**Records supplied:**
--

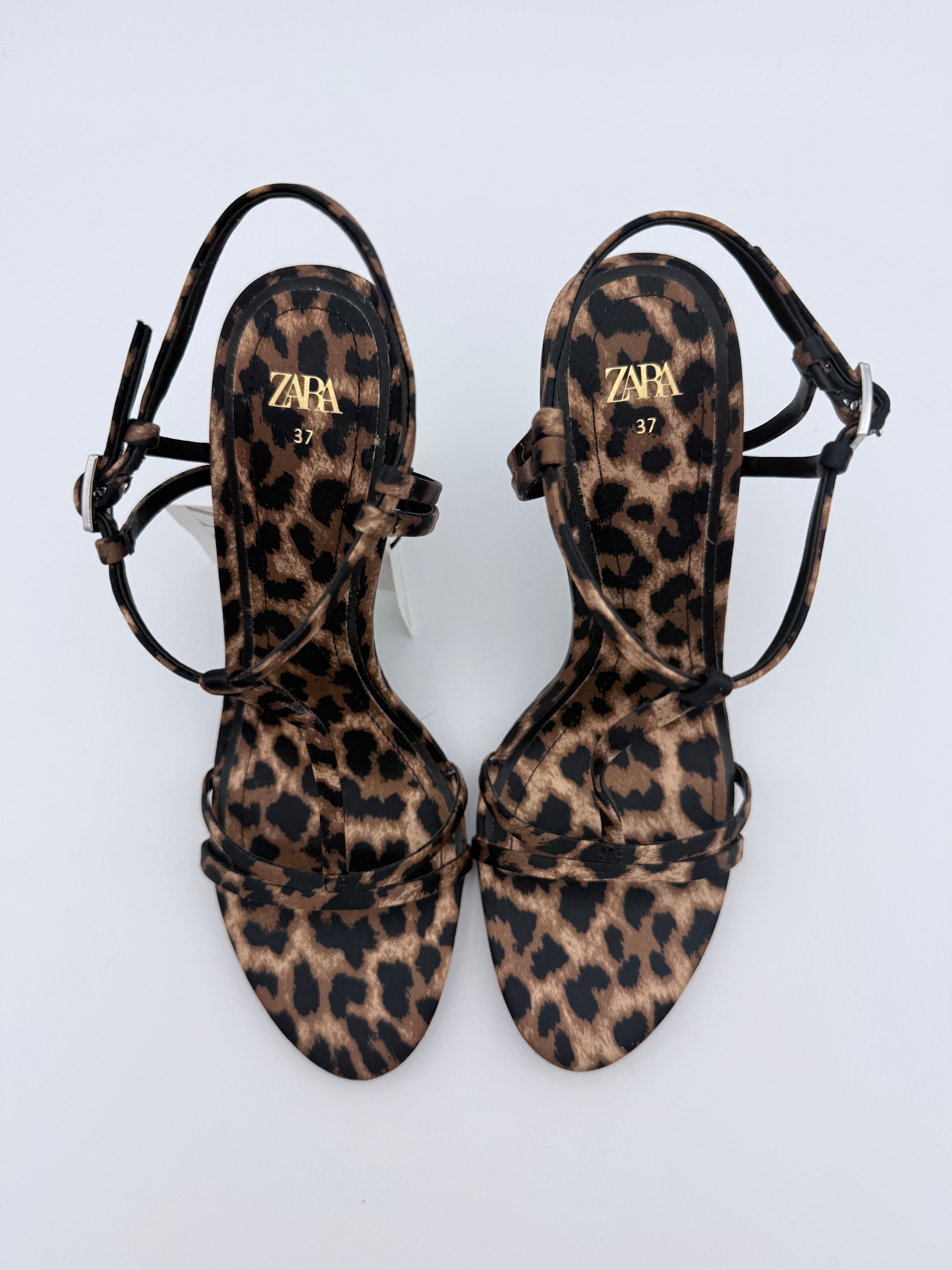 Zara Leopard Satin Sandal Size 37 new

--

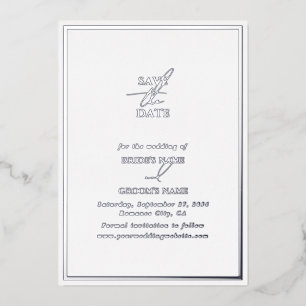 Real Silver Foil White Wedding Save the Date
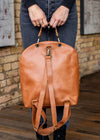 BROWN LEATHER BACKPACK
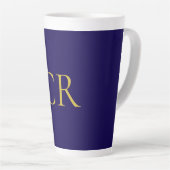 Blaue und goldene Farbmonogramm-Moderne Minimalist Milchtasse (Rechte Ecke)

--

**Activity:**
Beginning with the line that contains "Real Silver Foil White Wedding Save the Date" and ending with the line that contains "Blaue und goldene", reproduce the listing exactly, pictures excluded.

**Answer section:**
 Real Silver Foil White Wedding Save the Date
 BROWN LEATHER BACKPACK
 Blaue und goldene Farbmonogramm-Moderne Minimalist Milchtasse (Rechte Ecke)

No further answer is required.